Well, her boyfriend didn't pay any attention to her, never went to see her or anything and they eventual broke up after a month. During the time they were together, we were still hanging out, me and her I think still had warm feelings together... She was even Kissing and Hugging me.
Well, after they broke up I told her how I felt about seeing her with him and I just felt uncomfortable. We talked, and she agreed to just wait for me and that meant a lot to me. She said she was going to move out in the summer or so and we could date and that she would wait and not date anyone. I told her than she didn't have to wait but it did mean a lot to me...

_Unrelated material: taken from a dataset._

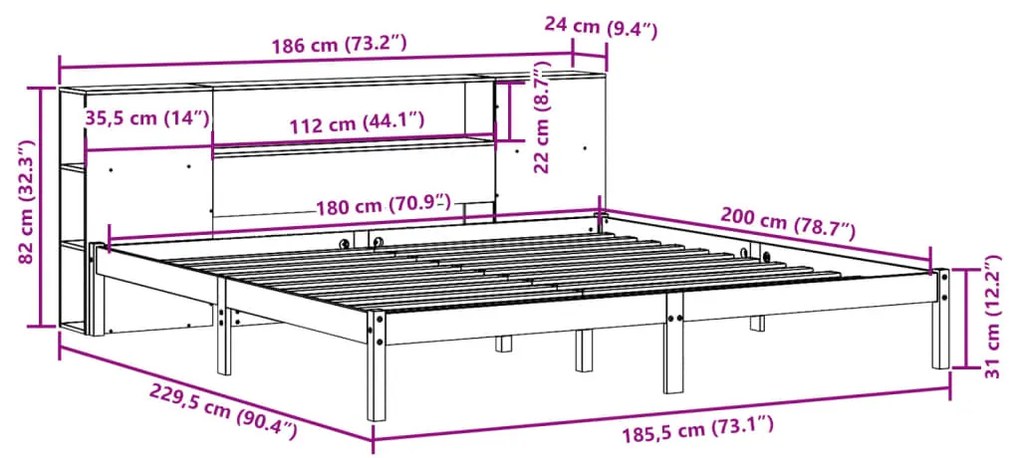 ΚΡΕΒΑΤΙ ΒΙΒΛΙΟΘΗΚΗ ΧΩΡΙΣ ΣΤΡΩΜΑ 180X200 ΕΚ ΜΑΣΙΦ ΞΥΛΟ ΠΕΥΚΟΥ 3321546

Well, she broke that promise... She found another guy her age... This time she said, after one date that he was so perfect. He made her feel like she never felt before... That hurt, I couldn't help but get a little angry. She broke the promise but it was more jealousy that enraged me. "Made her feel like she never felt before", like I was just some "ehhh okay" guy... I got really mad and I texted her that I hated her! Well, after my reign of emotions ended, I felt really bad and apologized.. But she wont accept my apology.
Now I feel so awful... I'm at the point that I don't care if I'm with her or not. I don't know how I feel, but a part of me wants her in my life, whether we are together or not. She's just ignoring my texts now and I can't stand this pain in my chest. I don't know why I care so much but I don't want it to end in hate... I don't even know what I'm saying anymore, I'll just end it here... Thanks for reading.